Michael threaded his way down the concourse until he came to flight monitors high on the wall. Michael was not a good reader. Charts, like the departure and arrival lists on these screens, were difficult for him. Craning his neck and squinting, he struggled to interpret the information. There were several flights to LaGuardia. He counted six in the next two hours. He hung on to this information, as if it might be useful.

Michael was wearing new jeans. It was too hot for jeans, but he had been told to put them on. The crisp pant legs were rough against his skin. His T-shirt, though, was old and soft. It had been his sister Lily's, and he had filched it from her to use as packing around a fragile possession. He had been wearing it lately, even though it came to his knees.

He felt those eyes again. He walked into the men's room to get away from the stare. It was packed. So many men. Fathers, probably, or grandfathers or stepfathers or godfathers. He closed himself in a stall, but the toilet was flushing by itself, over and over, as if it intended to drown him, and he fled from the wet sick smell of the place.

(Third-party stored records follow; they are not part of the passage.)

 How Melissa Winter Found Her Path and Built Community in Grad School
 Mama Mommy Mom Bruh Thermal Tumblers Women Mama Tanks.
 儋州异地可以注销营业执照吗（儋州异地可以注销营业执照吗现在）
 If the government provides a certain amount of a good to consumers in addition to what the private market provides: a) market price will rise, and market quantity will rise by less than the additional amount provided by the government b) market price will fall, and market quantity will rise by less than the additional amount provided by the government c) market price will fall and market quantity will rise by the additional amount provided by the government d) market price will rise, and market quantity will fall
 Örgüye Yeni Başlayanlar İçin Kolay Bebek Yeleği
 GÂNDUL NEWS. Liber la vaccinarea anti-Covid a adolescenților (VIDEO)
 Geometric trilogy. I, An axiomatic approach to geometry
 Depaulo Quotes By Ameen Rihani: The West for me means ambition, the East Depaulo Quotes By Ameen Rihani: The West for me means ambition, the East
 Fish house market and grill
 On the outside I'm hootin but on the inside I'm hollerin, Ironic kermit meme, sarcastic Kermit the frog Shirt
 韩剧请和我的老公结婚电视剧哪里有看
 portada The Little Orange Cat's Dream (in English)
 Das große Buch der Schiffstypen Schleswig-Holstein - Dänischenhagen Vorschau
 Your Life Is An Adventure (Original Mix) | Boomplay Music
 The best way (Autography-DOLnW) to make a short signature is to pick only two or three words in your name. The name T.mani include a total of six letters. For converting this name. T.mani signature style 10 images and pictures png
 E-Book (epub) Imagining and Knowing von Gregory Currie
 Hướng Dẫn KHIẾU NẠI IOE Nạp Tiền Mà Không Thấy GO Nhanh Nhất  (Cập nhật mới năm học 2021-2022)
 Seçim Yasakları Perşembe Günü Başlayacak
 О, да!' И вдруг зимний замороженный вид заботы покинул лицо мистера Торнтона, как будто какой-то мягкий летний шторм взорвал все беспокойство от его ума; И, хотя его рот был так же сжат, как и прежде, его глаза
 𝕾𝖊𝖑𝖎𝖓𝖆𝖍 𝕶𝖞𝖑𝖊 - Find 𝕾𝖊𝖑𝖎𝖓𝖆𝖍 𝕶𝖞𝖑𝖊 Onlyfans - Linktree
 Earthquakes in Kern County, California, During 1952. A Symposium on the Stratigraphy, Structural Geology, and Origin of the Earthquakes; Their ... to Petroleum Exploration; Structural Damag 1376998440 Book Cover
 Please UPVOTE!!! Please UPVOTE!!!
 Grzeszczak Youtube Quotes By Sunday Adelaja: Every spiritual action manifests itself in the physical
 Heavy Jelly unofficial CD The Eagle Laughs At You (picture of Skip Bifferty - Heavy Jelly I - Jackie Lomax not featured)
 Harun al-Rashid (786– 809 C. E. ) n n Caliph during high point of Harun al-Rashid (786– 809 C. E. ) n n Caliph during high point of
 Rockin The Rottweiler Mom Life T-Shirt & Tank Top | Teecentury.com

Back in the open space, Michael distracted himself by looking everywhere, even up. The ceilings were very high, with exposed girders in endless triangles that looked like art. He had been in this airport once before and had imagined swinging from those girders, leaping from one to the next, sure of his footing. Michael was not sure of anything right now, not even the bottoms of his feet.

He sat on a black bench that had curled edges, like a licorice stick. Ticket counters stretched in both directions: American, Southwest, Continental, Frontier, Delta. People stood in long slow lines that zigzagged back and forth, separated by blue sashes strung between chrome stands.

Maybe I just didn't understand, he thought. Maybe the car just went to park. Maybe if I go back outside . . .

He felt better. He went back outside.

Taxis and hotel limousines and vans from distant parking lots were driving up. Wheeled suitcases bumped over the tiled sidewalk as loudly as guns shooting. Clumps of people stumbled against him and moved on. New buses took the place of the last set, and their exhausts were black and clotted in his lungs.

The terrible words the driver had flung at Michael had been lying on that sidewalk, waiting for him to come back, and now the words jumped up and began yelling at him.